*WHAT YOU SHOULD DO*
You are asked to copy the entire listing exactly, apart from its pictures.

*DATA EXCERPT*
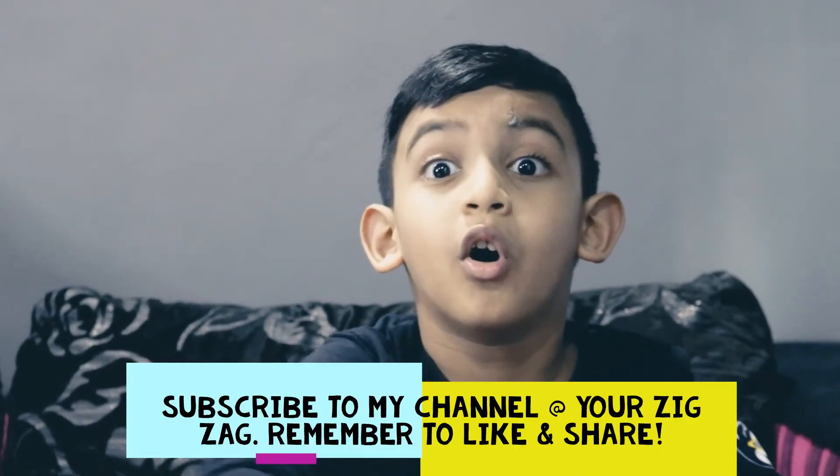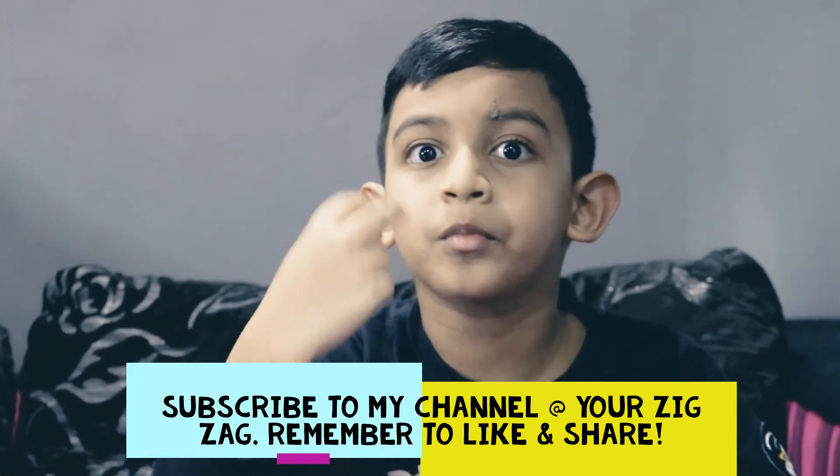And if you like my drawing, you subscribe and share it to all your friends. Signing off from you is your Zik.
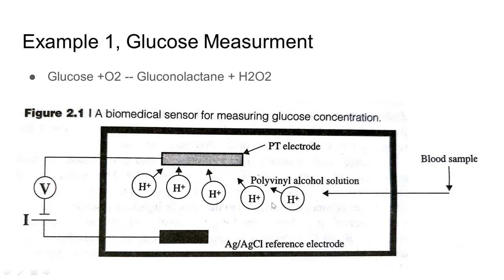We have two electrodes: a platinum electrode and a silver electrode, with a current applied. Then we introduce a minute amount of blood. We have a polyvinyl alcohol solution strip. The chemical reaction produces H2O2. H2O2 reacts to form gluconolactone as a by-product. The platinum electrode performs electrolysis, and we get a current variation at the output. This current variation is how we find out the glucose level. This is an example of a biomedical sensor.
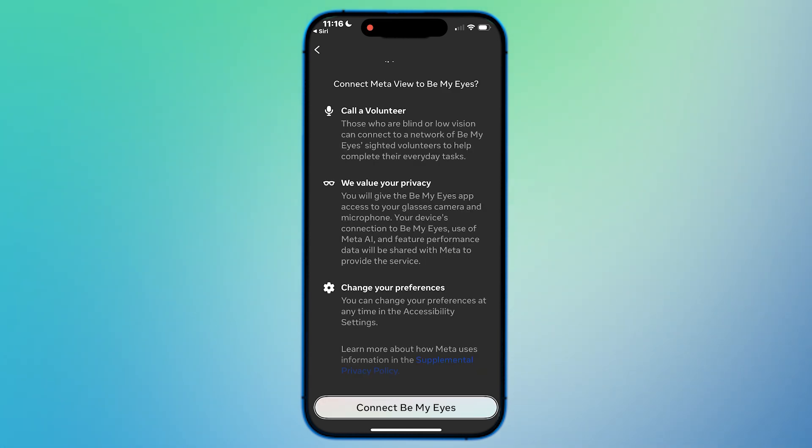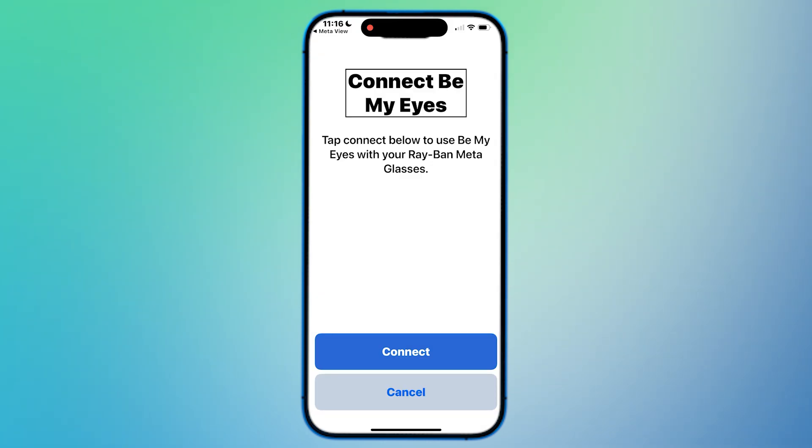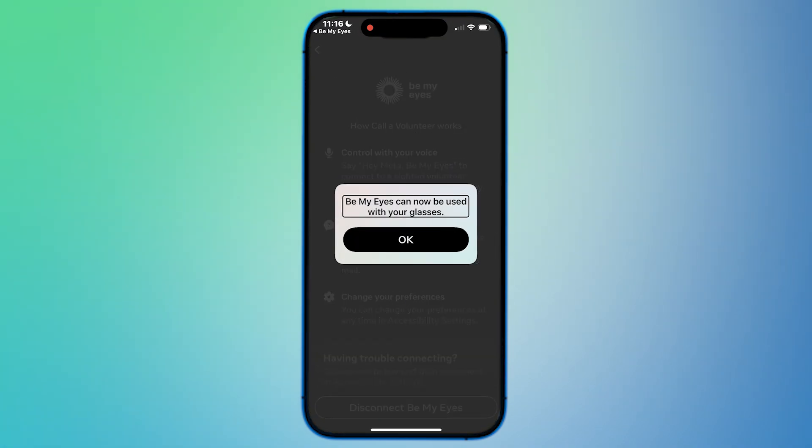There we go — Connect. We'll tap on Connect again, and it tells us Be My Eyes can now be used with our glasses. We'll tap OK. So we've now connected our Meta Glasses to Be My Eyes. If you ever want to disconnect, just follow the same steps: go to Settings, Accessibility, and under Be My Eyes you'll see an option to disconnect versus connect.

*WRITTEN RESPONSE*
And if you like my drawing, you subscribe and share it to all your friends. Signing off from you is your Zik.
We have two electrodes: a platinum electrode and a silver electrode, with a current applied. Then we introduce a minute amount of blood. We have a polyvinyl alcohol solution strip. The chemical reaction produces H2O2. H2O2 reacts to form gluconolactone as a by-product. The platinum electrode performs electrolysis, and we get a current variation at the output. This current variation is how we find out the glucose level. This is an example of a biomedical sensor.
There we go — Connect. We'll tap on Connect again, and it tells us Be My Eyes can now be used with our glasses. We'll tap OK. So we've now connected our Meta Glasses to Be My Eyes. If you ever want to disconnect, just follow the same steps: go to Settings, Accessibility, and under Be My Eyes you'll see an option to disconnect versus connect.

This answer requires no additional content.